「絶対的正義」を戦争で失うイスラエル
歌手の加藤登紀子さんが自分の御守りとして中村哲医師の「『変わらぬ正義』と呼べるものがあるとすれば、それは弱い者を助け、命を尊重することである」という言葉を大事にしていることを紹介したことがある。(「東京新聞」22年5月28日)漫画家のやなせたかしさんも「アメリカにはアメリカの“正義”があり、フセインにはフセインの“正義”がある。アラブにも、イスラエルにもお互いの“正義”がある。つまりこれらの“正義”は立場によって変わる。でも困っている人、飢えている人に食べ物を差し出す行為は、立場が変わっても国が違っても『正しいこと』には変わりません。これが『絶対的な正義』なのです」と語っていた。とすれば、ガザへの食料や水の供給を意図的に滞らせるイスラエルの戦争には「絶対的正義」がないことになる。
昨年10月7日からガザでハマスとの戦争を開始したイスラエルの農業が危機的状態にある。6月20日付の「エルサレム・ポスト」紙は戦争開始以来、イスラエルの農業生産が80%落ち込んだことを報じている。その背景には多くの農業労働者が予備役に召集されたり、タイなど外国人労働者が治安上の理由で帰国したり、さらにパレスチナ人労働者が締め出されたことがある。イスラエルの農業農村開発省のデータでは、10月7日以来、1万人の外国人農業労働者がイスラエルを離れ、また2万人のパレスチナ人労働者がイスラエルへの入国を禁止された。また、イスラエル南部ではハマスのロケットが着弾する危険があるために、イスラエル南部の農地では、10月7日から1カ月間は、1日の労働が2時間しから許されず、その後は兵士に守られながら午前7時から午後4時までは労働することが許可されるようになったものの、通常の農業活動を維持するには十分ではなかった。イスラエル軍がハマスの攻撃から農地を防衛する姿勢を見せたが、数百エーカーの土地が休耕地となった。

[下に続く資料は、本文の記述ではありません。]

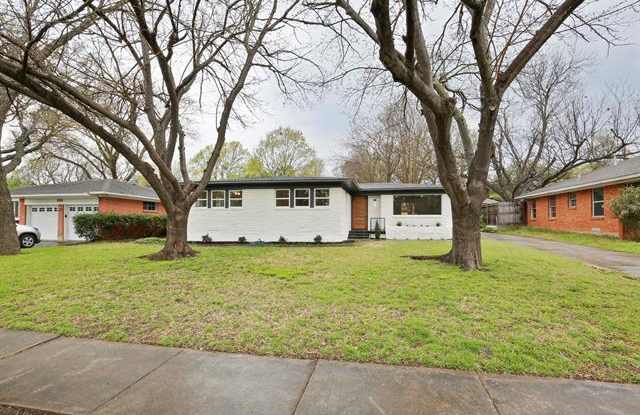 9911 E Lake Highlands Drive Gallery 3
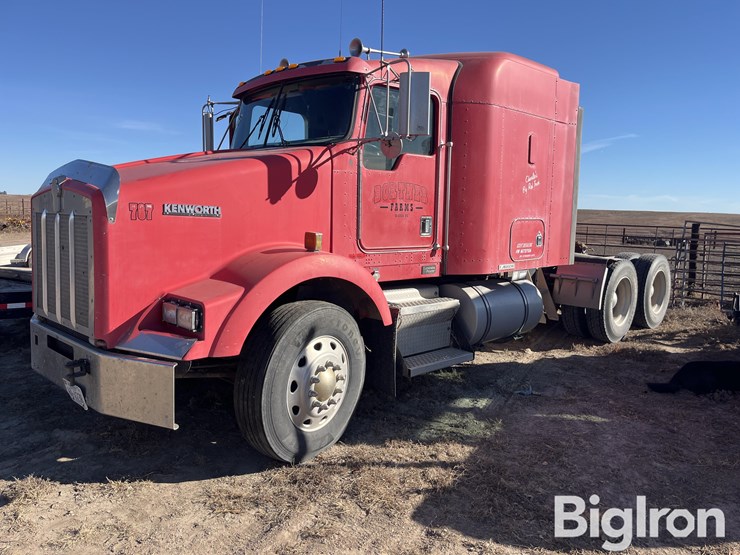 kenworth-t800-image-1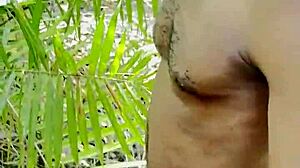 Epic king of the forest with the bardie part 1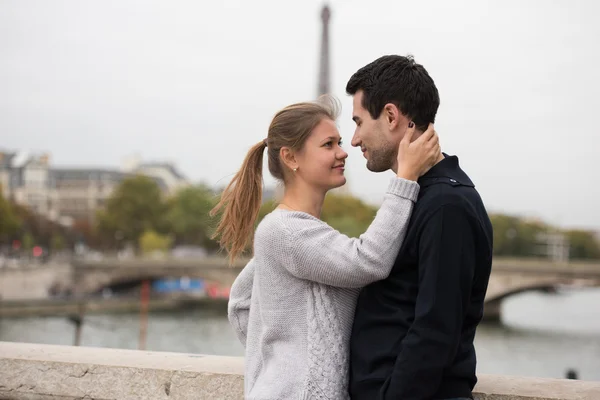 Ungt par i Paris kyssar — Stockfoto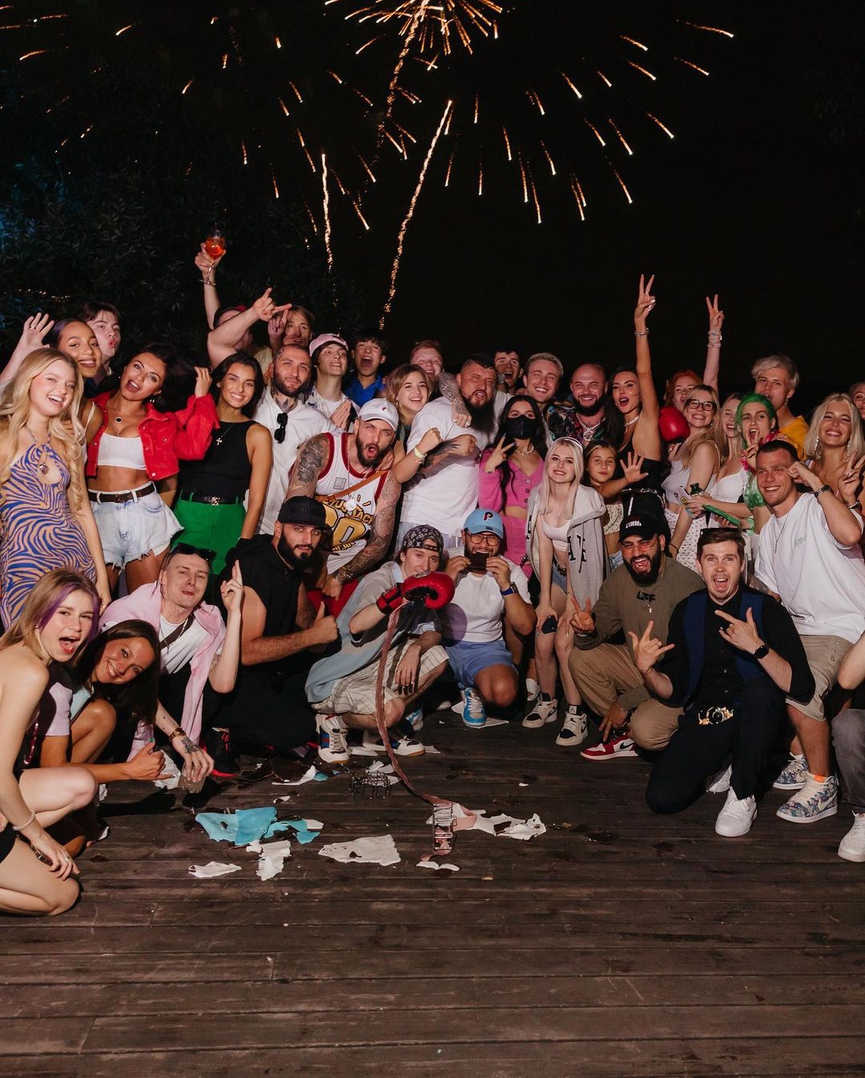 Кадр дня: Егор Крид, Тимати, HammAli & Navai, Гуф и другие звёзды на дне рождения Джигана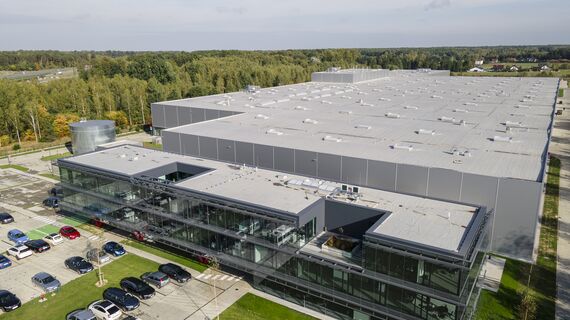 ConceptWall 60 Façades, ConceptWall 50 Façades, Paralline Cladding, ConceptSystem 59Pa Windows, HiFinity Sliding & Folding, Fixscreen Minimal Solar Shading, MasterPatio Sliding & Folding, CW 50-HI Façades, CW 60-HI Façades, MasterLine 8 HI Windows, CW 50-FP Façades, MasterLine 8-HI Doors, MasterLine 8 Pivot Door Doors and CS 77 Fire Proof Doors - Reynaers Central Europe Campus located in Przeszkoda, Poland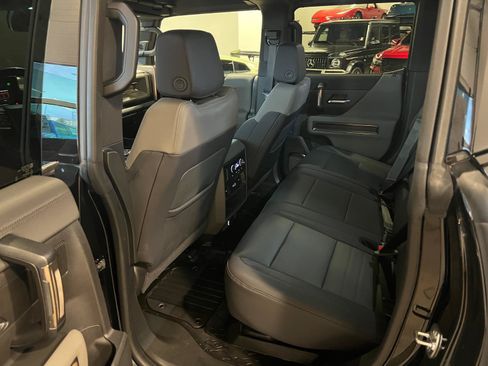 Used 2025 GMC Hummer EV 3X w/ LPO, Sport Package AWD/4WD image 31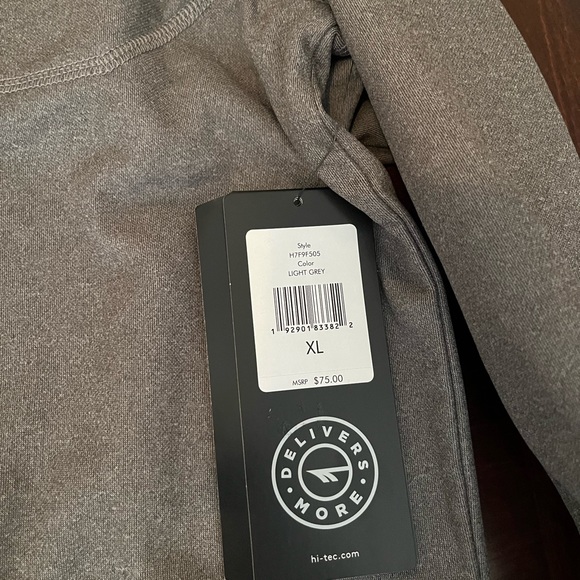 Hi-Tec thermo quarter zip jacket. Excellent condition, never worn, size XL. - Picture 3 of 4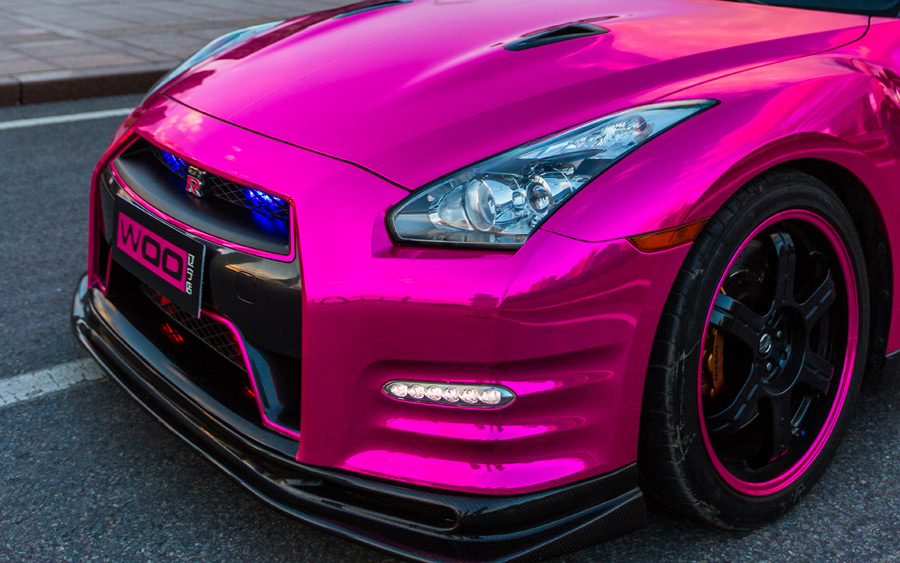 Nissan GTR зеленый хром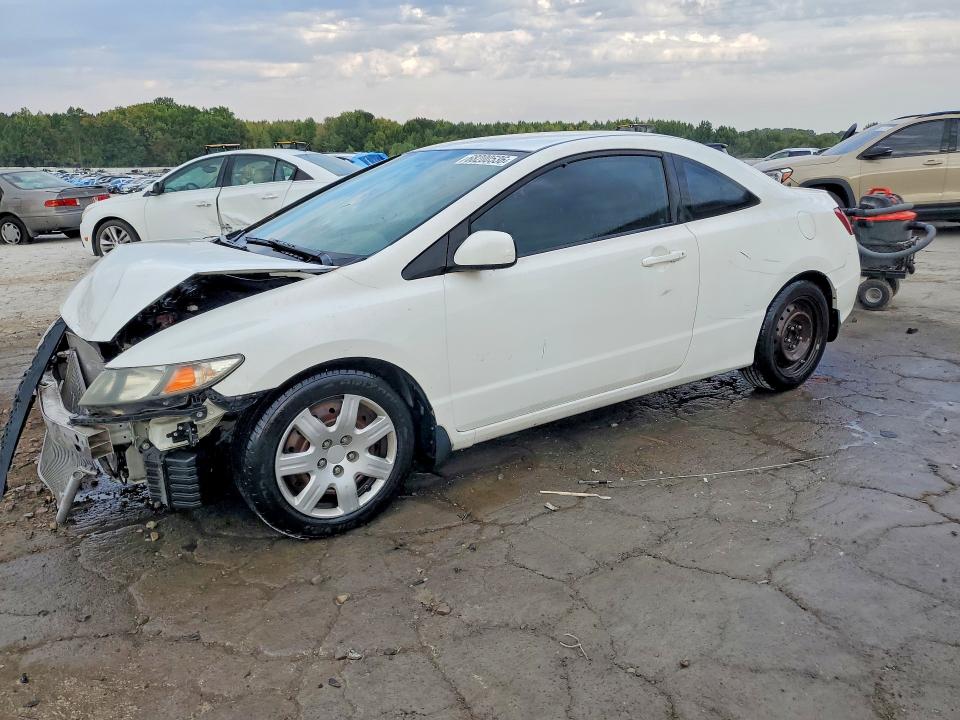 Продажа на аукционе авто 2010 Honda Civic, vin: 2HGFG1B64AH526305, номер лота: 68200536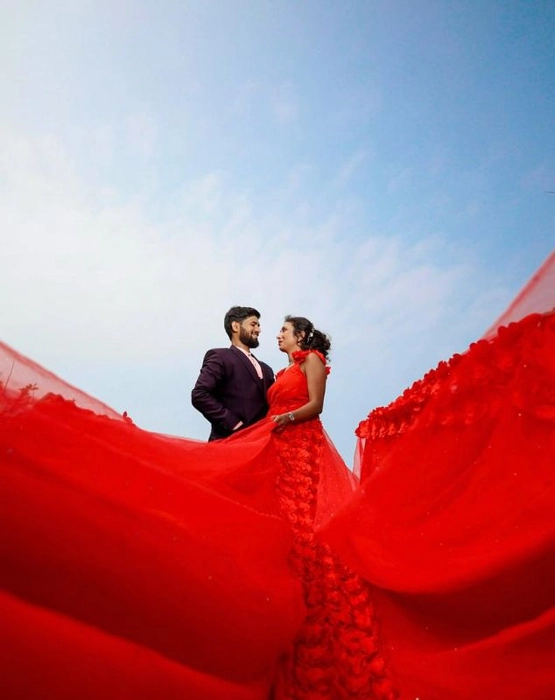 Wedding gown inspiration - wine red ballgown | Wedding gown inspiration, Red  wedding gowns, Prom photoshoot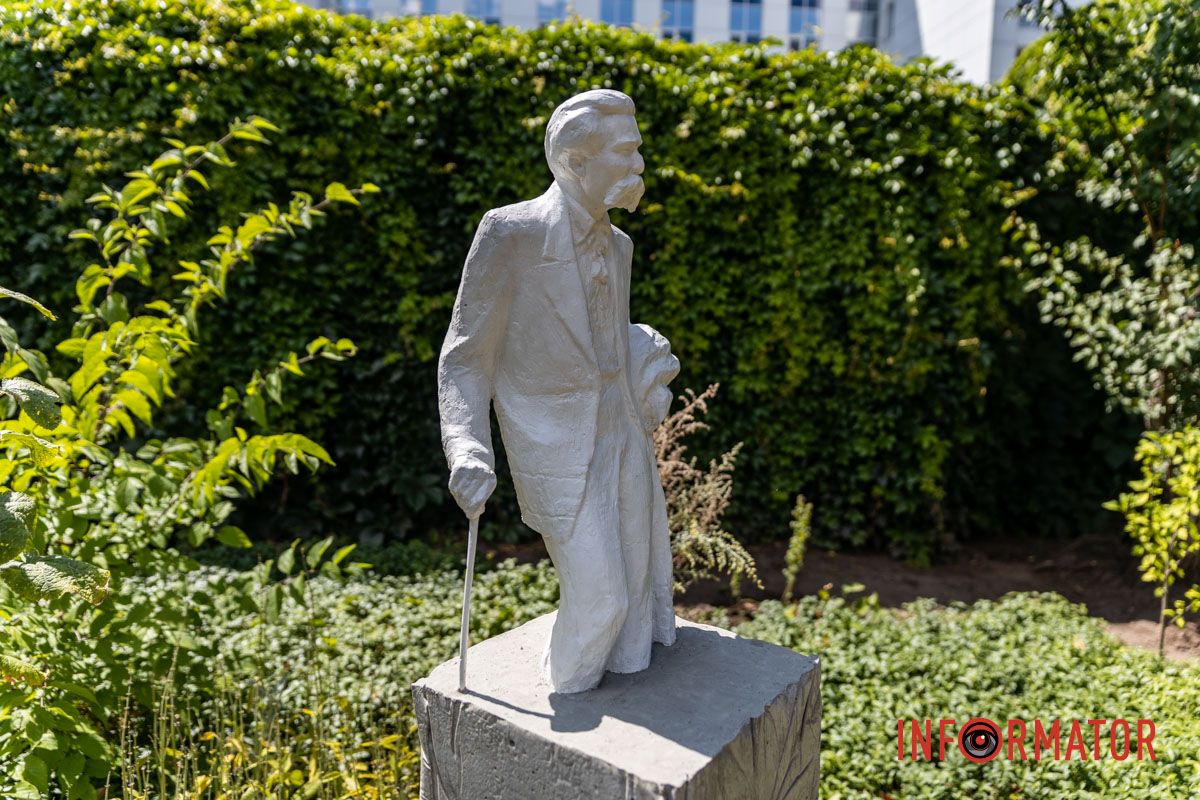 У саду Меморіального Будинку-музею, що на площі Шевченка, 5 відкрили пам’ятник У Дніпрі в саду Меморіального Будинку-музею відкрили пам’ятник Дмитру Яворницькому 2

「タイムズ・オブ・イスラエル」(4月21日)によれば、イスラエルの農地の20%はガザとの境界地帯にあり、イスラエルで消費される野菜の75%は同地帯で生産される。ヒズボラのロケットやミサイルが着弾するイスラエル北部は、イスラエル全農地の3分の1を占め、国内の卵生産量の約73%がイスラエル北部のガリラヤ地方や、イスラエルがシリアから占領する北東部のゴラン高原に集中する。
昨年12月にはイスラエルに輸入された野菜と果物が60、000トンと倍増し、その価格も著しく上昇した。こうしたイスラエルの食料不安が適切な発達と健康に必要な栄養を供給できないとも政府が判断するようになっている。
他方、イスラエルのガザへの攻撃によって、ガザの農業は壊滅的状態にあり、ガザでは80%の農地が破壊され、肉や乳製品を供給する家畜の70%が殺害された。ガザの食料事情は全人口が危機的レベルにあり、国連は50%以上の世帯が家に食料がなく、1日中ほとんど何も口にすることなく暮らす人口が20%と見積もっている。
イスラエルの攻撃は、自らにも返ってきて、イエメンのフーシ派による船舶への攻撃によってイスラエル南部のエイラト港は破産寸前にあり、アジア諸国からの原料や機械、原油、燃料、小麦、自動車などがエイラト港に陸揚げされなくなった。ネタニヤフ首相はイスラエルをより安全にすると言って戦争を継続しているが、イスラエルは「絶対的正義」である食料まで戦争で失いつつある。